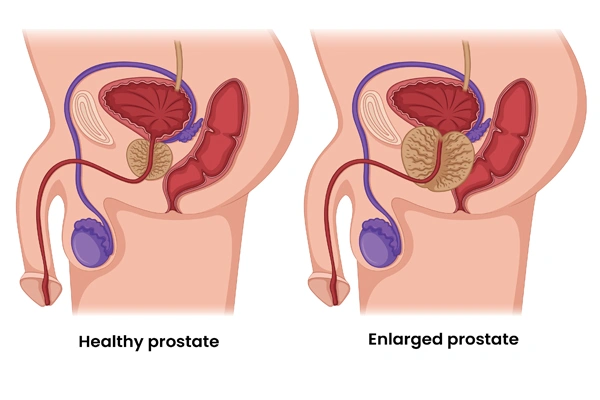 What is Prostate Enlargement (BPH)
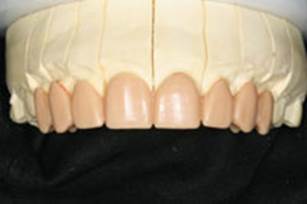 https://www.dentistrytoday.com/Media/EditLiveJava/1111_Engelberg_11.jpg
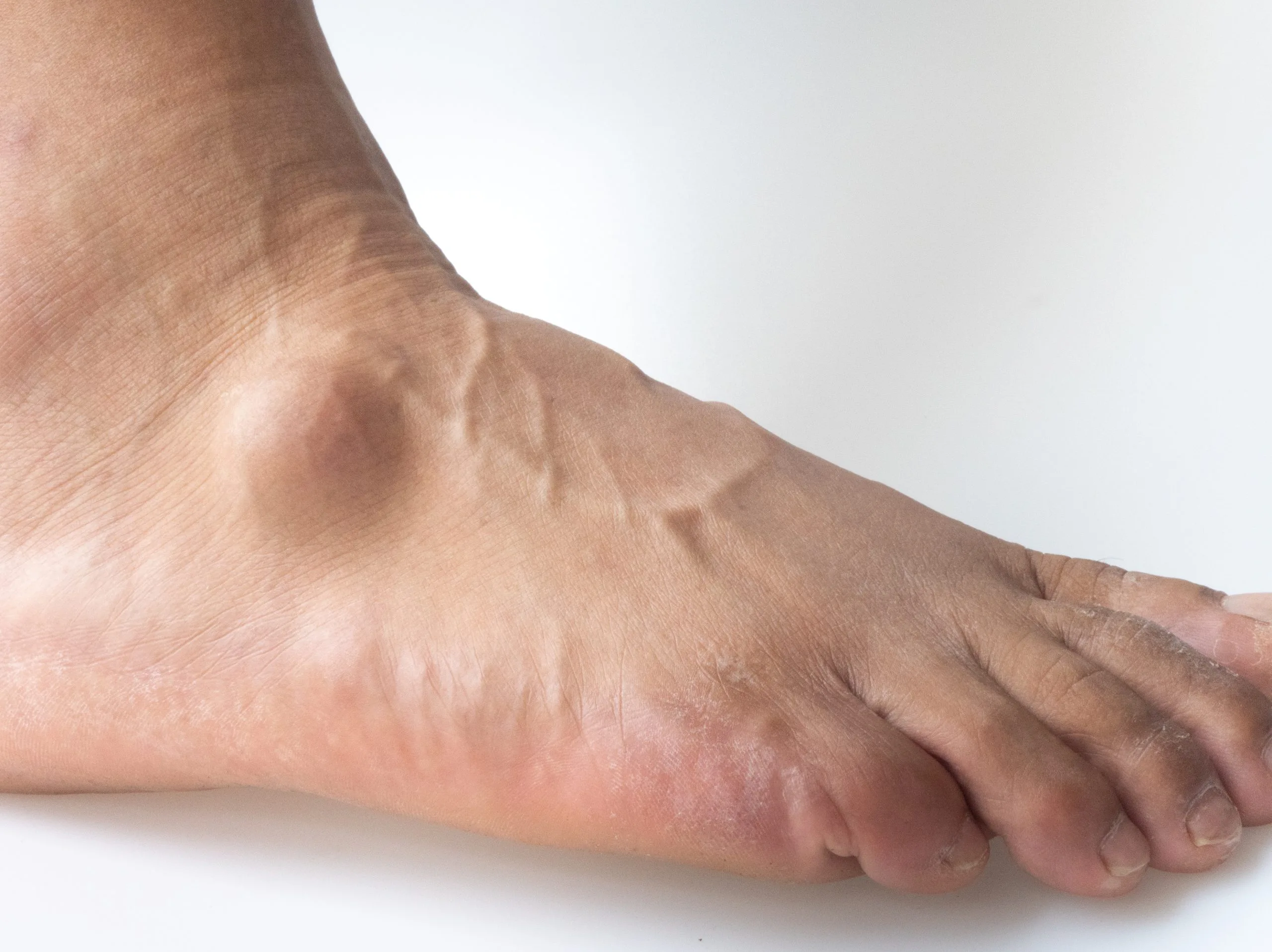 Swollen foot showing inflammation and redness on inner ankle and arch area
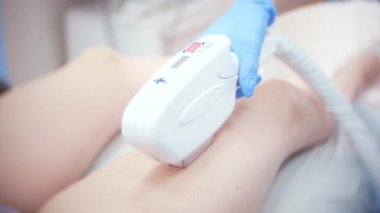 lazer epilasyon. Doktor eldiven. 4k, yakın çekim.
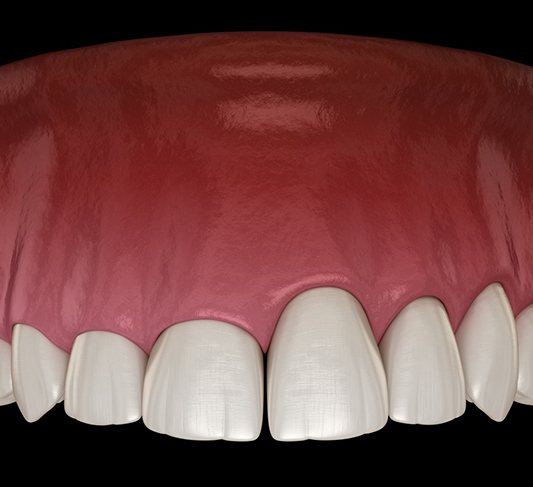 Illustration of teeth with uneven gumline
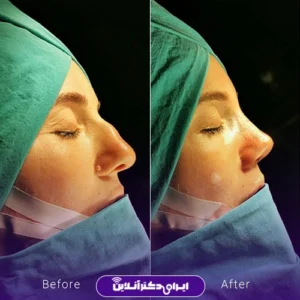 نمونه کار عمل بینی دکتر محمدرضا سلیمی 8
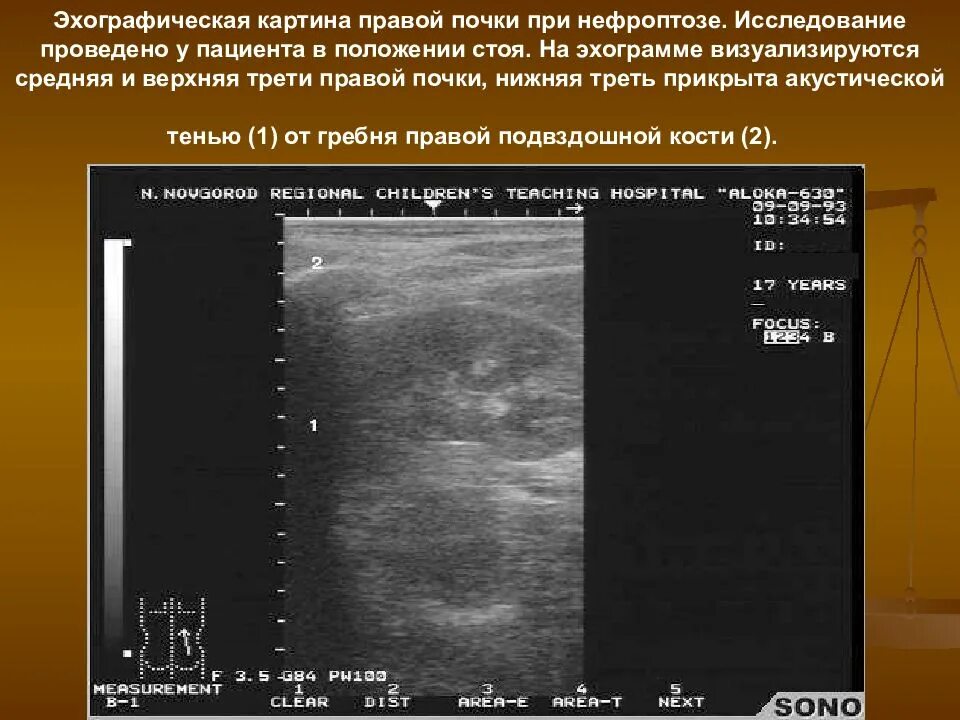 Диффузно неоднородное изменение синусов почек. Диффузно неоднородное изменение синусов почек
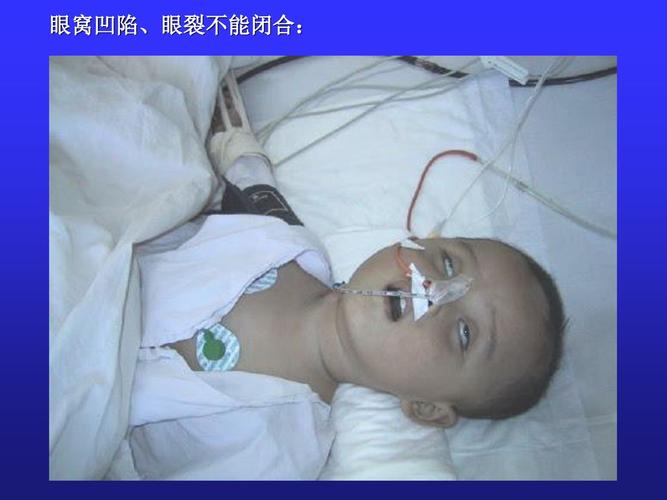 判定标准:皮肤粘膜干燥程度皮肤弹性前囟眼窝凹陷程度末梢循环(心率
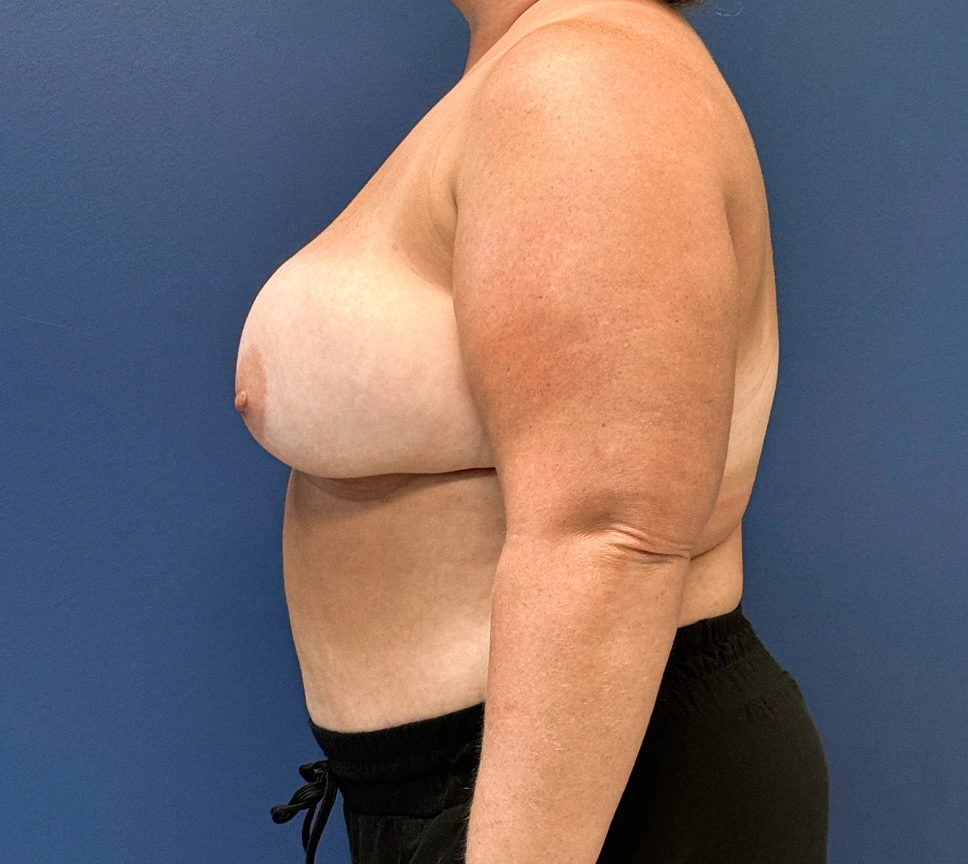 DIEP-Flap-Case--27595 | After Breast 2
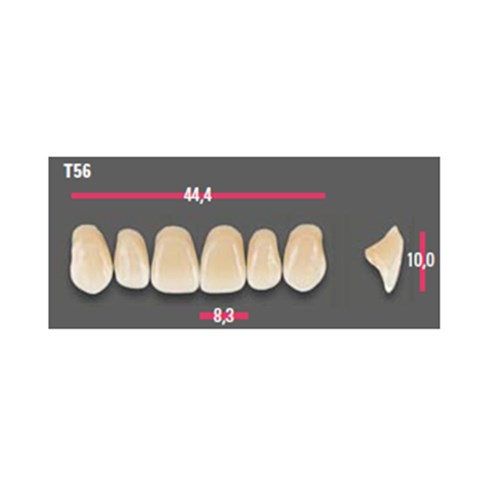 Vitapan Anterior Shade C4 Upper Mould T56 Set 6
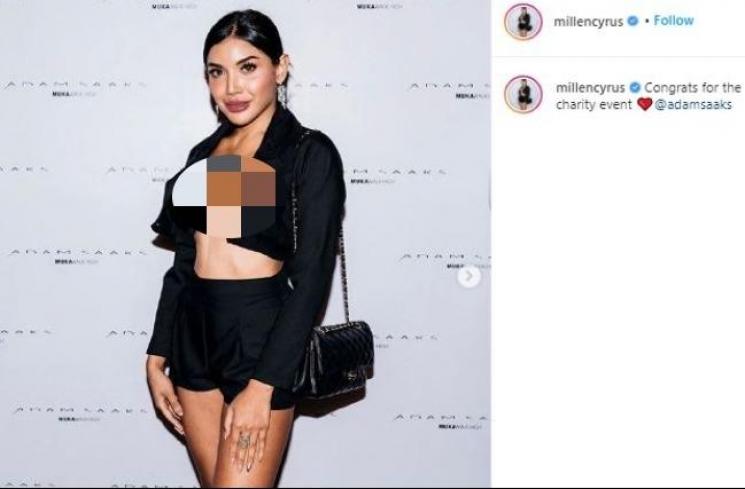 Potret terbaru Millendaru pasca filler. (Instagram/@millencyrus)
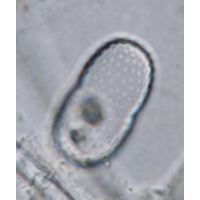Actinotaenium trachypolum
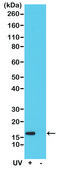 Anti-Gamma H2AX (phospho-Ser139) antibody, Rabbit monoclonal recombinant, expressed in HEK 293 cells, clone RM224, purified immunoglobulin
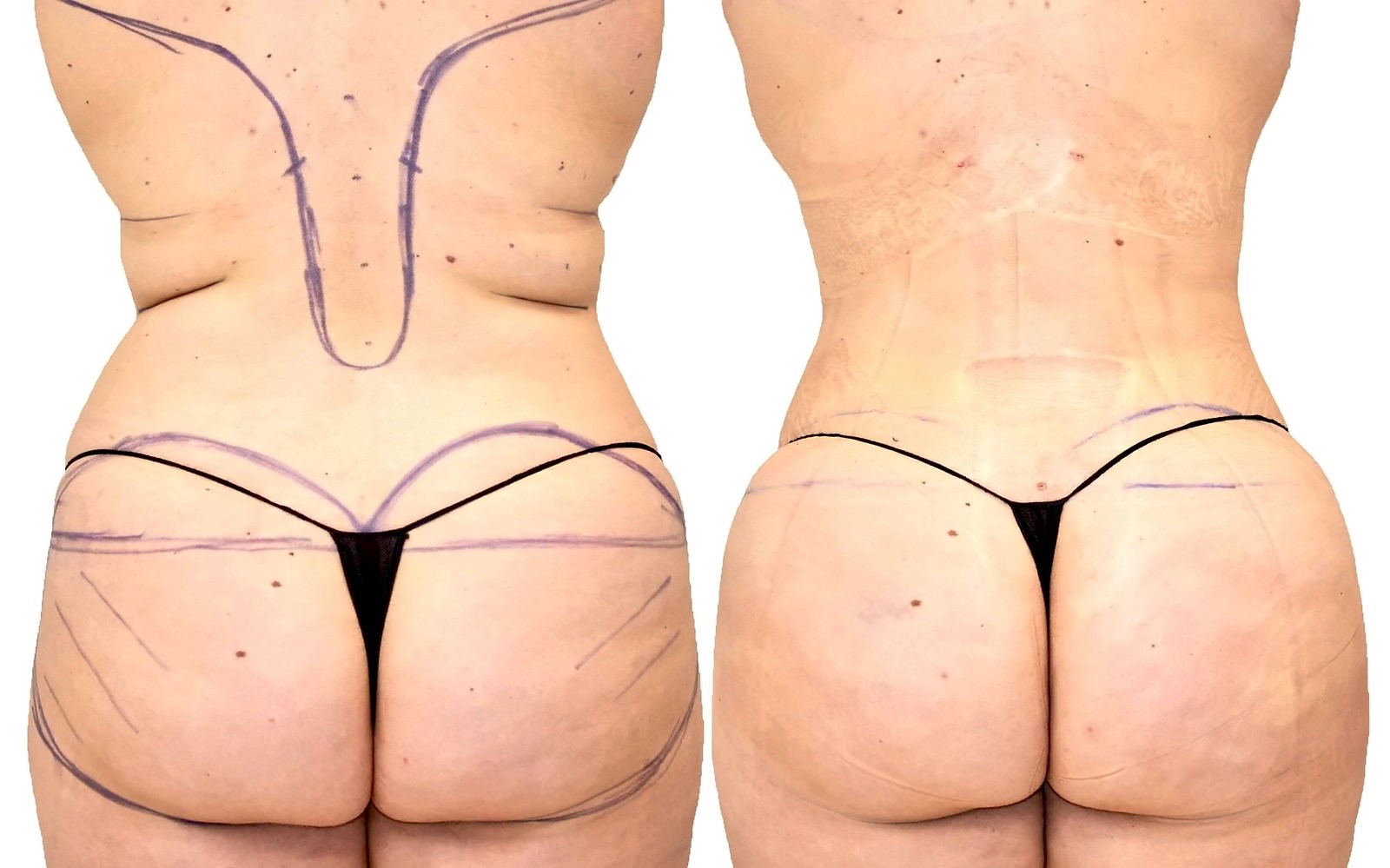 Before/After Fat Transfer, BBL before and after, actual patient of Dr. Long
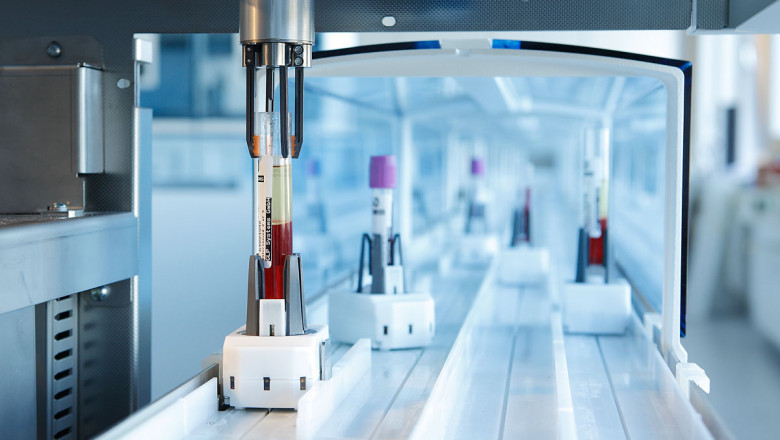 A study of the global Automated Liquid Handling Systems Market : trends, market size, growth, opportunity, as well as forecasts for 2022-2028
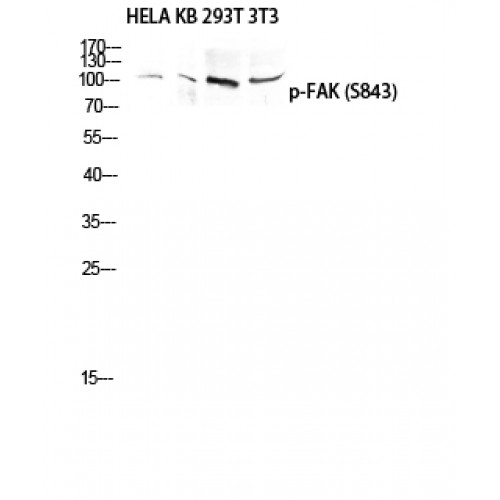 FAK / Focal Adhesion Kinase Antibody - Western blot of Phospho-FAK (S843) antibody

§ **INSTRUCTIONS TO FOLLOW**
Return the listing unchanged, but drop every picture.

§ **RESPONSE TO THE TASK**
 What is Prostate Enlargement (BPH)
 https://www.dentistrytoday.com/Media/EditLiveJava/1111_Engelberg_11.jpg
 Swollen foot showing inflammation and redness on inner ankle and arch area
 lazer epilasyon. Doktor eldiven. 4k, yakın çekim.
 Illustration of teeth with uneven gumline
 نمونه کار عمل بینی دکتر محمدرضا سلیمی 8
 Диффузно неоднородное изменение синусов почек. Диффузно неоднородное изменение синусов почек
 判定标准:皮肤粘膜干燥程度皮肤弹性前囟眼窝凹陷程度末梢循环(心率
 DIEP-Flap-Case--27595 | After Breast 2
 Vitapan Anterior Shade C4 Upper Mould T56 Set 6
 Potret terbaru Millendaru pasca filler. (Instagram/@millencyrus)
Actinotaenium trachypolum
 Anti-Gamma H2AX (phospho-Ser139) antibody, Rabbit monoclonal recombinant, expressed in HEK 293 cells, clone RM224, purified immunoglobulin
 Before/After Fat Transfer, BBL before and after, actual patient of Dr. Long
 A study of the global Automated Liquid Handling Systems Market : trends, market size, growth, opportunity, as well as forecasts for 2022-2028
 FAK / Focal Adhesion Kinase Antibody - Western blot of Phospho-FAK (S843) antibody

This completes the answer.